Junk bonds threaten LBO companies

I hate private equity firms with a passion. They often buy a company using deals paid for primarily with leveraged loans borrowed by the companies they acquired. Then they strip the company and run it into the ground. Toys’R’Us is only one of many examples.

Leveraged buyouts (LBOs) hit a record of about $1 trillion last year. The S&P/LSTA Loan Index, broadly used as a proxy for market size in the U.S., totaled some $1.375 trillion at February 2022, the most ever.


A lot of this debt is floating rate – it’s based on LIBOR plus a set percentage. As interest rates rise, the interest on the debt can bankrupt companies that are already weak. These are junk bonds that were sold when interest rates were stable. But interest rates aren’t stable anymore so the interest payments owed on these leveraged loans will rise.


**Rising Rates Threaten Companies Acquired in LBO Boom**
**Floating-rate debt protects lenders from Fed rate increases but can lift expenses for borrowers amid rising inflation**
**By Matt Wirz, The Wall Street Journal, April 20, 2022**


**Companies with heavier debt loads can find themselves running short on cash if their interest rates climb alongside wages and other operating expenses. ...U.S. companies borrowed $1.8 trillion in junk-rated loans in 2021...**

**The benchmark rates that most leveraged loans are priced off are expected to rise to around 3% in the next 12 months, up from about 0.50% now, according to Citigroup research. That equates to a $45 billion interest-expense increase on the loans that were issued in 2021 alone...**

**Cash flow for most borrowers is about 3½ times their interest expense, according to research by Bank of America, but about 15% of the market generates about 1½ times their interest cost.** [end quote]

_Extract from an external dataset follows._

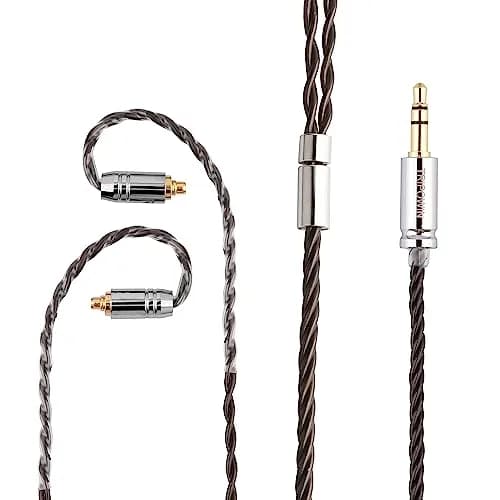 Linsoul Tripowin Mirage IEM Cable 30AWG OCC 4N HiFi Replacement MMCX | Audiophile Grade thumbnail 5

This gets down to the nitty-gritty of reading financial statements before buying a stock.

Cash flow is king.

If a company can’t generate the cash flow to cover their interest payments they are at risk for default and bankruptcy. In that case, the owners of the debt would get stiffed, but that’s not likely to be any METARs. However, the stock price would crater…and METARs might own some of the stock.

METARs who own individual stocks, especially “high growth” Saul-type companies that might have borrowed a lot, should check the cash flow to interest expense ratios. Also, check to see the ratings of their debts and whether any of it is floating-rate leveraged loans. (That info might not be available on SEC filings.)



However, the stock price would crater…and METARs might own some of the stock.

Boeing hasn’t reported Q1 yet. As of the end of 2021, equity “improved” to only a negative $15B, vs $58B of debt.